「学級崩壊は非常に広がっていて、各小学校1~2クラスは崩壊しています。この前も6年生の学級を見てきましたが、授業中に先生ひとりだけがしゃべっていて、ほとんどの生徒が聞いていない。教室の後ろのほうでは生徒が堂々とイヤフォンで音楽を聴いていたり、トランプしていたり、マンガを読んでいたり…まさに驚くべき状況でした。低学年でも、授業を聞かず騒がしい、立ち歩く、勝手に教室から出ていく…といった状況がみられます」
マンガでもドラマでもなく、これが現実だという。いったい、なぜこんな状況が起こってしまうのか? 低学年と高学年でもまた違ってくるという。
「低学年の場合は、各々がいろんなこと言ったり、わがまま言ったり、
“かまってほしい子”がいっぱいいるんです。先生がそれを注意していくと、“先生はあの子ばっかり可愛がる。あの子ばっかりひいきする”あるいは、“悪さをすると関わってくれるから、僕たちも悪さすればいいんだ”みたいな感じで連鎖的に広がって結果的に崩壊していくという感じです」
高学年の場合は、学びへのストレスや、大人たちのふりかざす“正論”への反発が大きいそう。
「高学年になってくると、例えば東京都では約8割は私立受験をする状況なので、塾に行っているお子さんがほとんど。つまり、学校の勉強はわかっているのでおもしろくない。だから真面目に聞こうとしない。しかも、今の子は絶えず詰め込まれ、競争させられていて、本来学ぶことが生活に役立つことだという実感もないんです。さらに、教師たちは子どもたちの言い分は一切聞かず、一方的なウソ臭い正論ばかりをぶつけてきてくるので、どんどんストレスが溜まって荒れてしまうんです」
増田先生は、多くの学級崩壊に立ち合い、どの学校にも共通した生徒たちの叫びが以下の4つだったという。
1)僕たちのことをまっとうに扱ってほしい。
2)僕たちの言い分をちゃんと聞いてほしい
3)僕たちのことを好きになってほしい
4)もっと勉強がわかるように教えてほしい
「もっと子どもの声を聞く学校にならなきゃいけないんです。

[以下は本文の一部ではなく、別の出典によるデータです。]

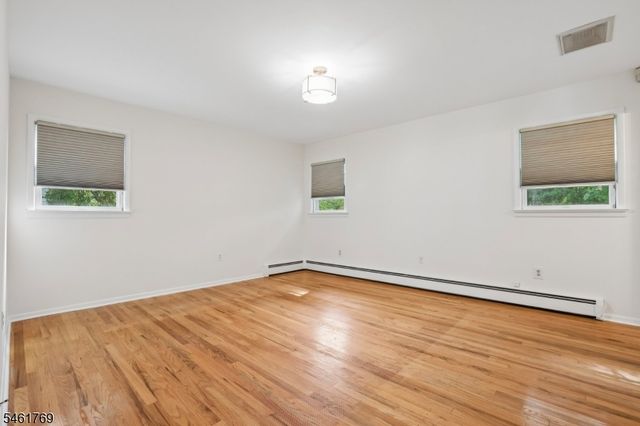 41 Rys Ter, Fair Lawn Boro, NJ 07410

学級崩壊しているクラスでも、2カ月くらい子どもたちの話を、本音を聞き続けてあげると変わるんですよ!」
では、どう改善していったらいいのだろうか?
「学校としては、私のような第3者を入れて学級を分析し、荒れている原因を突き止めて改善方法をみつけていくこと。親御さんにできることは、担任に“子どもたちの話を聞いてあげてください!”と、要求することですね。自分の子どもだけじゃなく、荒れている子どもたちも本当はみんな先生のことが好きで、先生に話を聞いてほしいと思っている…と、伝えるんです。あくまでも一方的に先生を責めるのではなく、お願いするカタチで良好な関係を保ってください。きっと変わってくるハズです!」
荒れるのには原因がある。大人たちがしっかり子どもと向き合い、その原因を取り除いてやりさえすれば、子どもたちの目は輝きを取り戻すに違いない。